Re: [Moosefs-users] Question about MooseFS metadata distribution/recovery

SourceForge Headquarters 225 Broadway Suite 1600 San Diego, CA 92101 +1 (858) 422-6466

On 12/12/2011 3:36 PM, René Pfeiffer wrote:
> Yes, it did, but I get the "D" state for processes accessing the mount,
> too. The logs show messages of the type "chunk xyz has only invalid copies
> (1) - please repair it manually", so I guess the metadata is still not
> correct (IP addresses and names of the chunk servers haven't changed).
>
> The biggest problem is that we cannot figure out what the RAID controller
> exactly did to the file system of the master server, and we haven't found
> any traces of a more recent metadata file. The metalogger system had no
> problem, but can it be that the metalogger was/is out of sync due to the
> silent file system corruption on the master system?
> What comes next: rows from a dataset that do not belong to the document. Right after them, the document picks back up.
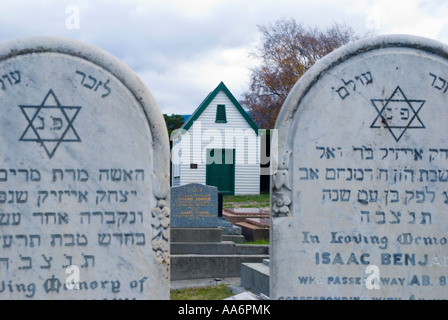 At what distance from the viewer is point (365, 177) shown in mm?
4316

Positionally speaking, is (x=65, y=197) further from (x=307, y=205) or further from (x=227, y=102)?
(x=227, y=102)

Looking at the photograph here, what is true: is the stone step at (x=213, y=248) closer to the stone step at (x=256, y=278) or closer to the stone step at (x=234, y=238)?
the stone step at (x=234, y=238)

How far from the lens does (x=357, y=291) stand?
169 inches

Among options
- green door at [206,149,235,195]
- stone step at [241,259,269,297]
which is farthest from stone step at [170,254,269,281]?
green door at [206,149,235,195]

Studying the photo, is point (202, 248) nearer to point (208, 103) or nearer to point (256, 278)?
point (256, 278)

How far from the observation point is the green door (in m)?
27.4

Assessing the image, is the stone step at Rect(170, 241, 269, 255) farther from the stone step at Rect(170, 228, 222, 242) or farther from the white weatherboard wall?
the white weatherboard wall

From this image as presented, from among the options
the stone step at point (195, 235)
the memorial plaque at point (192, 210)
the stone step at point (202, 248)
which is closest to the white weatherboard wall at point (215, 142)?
the memorial plaque at point (192, 210)

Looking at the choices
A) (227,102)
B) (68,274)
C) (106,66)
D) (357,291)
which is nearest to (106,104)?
(106,66)

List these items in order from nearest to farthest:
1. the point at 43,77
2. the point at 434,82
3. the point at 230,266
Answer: the point at 43,77
the point at 434,82
the point at 230,266

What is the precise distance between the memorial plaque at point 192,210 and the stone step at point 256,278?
3.12m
That is a question for the devs, but early in our MFS testing with 
essentially throwaway kit, we had a master fail with a broken raid. In 
that case the underlying disk system had been essentially readonly for a 
few days and no recent data was in /usr/local/var/mfs.

However, the metalogger DID have accurate information and we simply 
recovered using that data using the restore process and then copying 
over metadata file to the now fixed master. Except for the 'on the fly 
files' lost when the damm thing crashed, no other data was lost, 
including files that had been received and written to chunkserver during 
the time the disk subsystem was out of order.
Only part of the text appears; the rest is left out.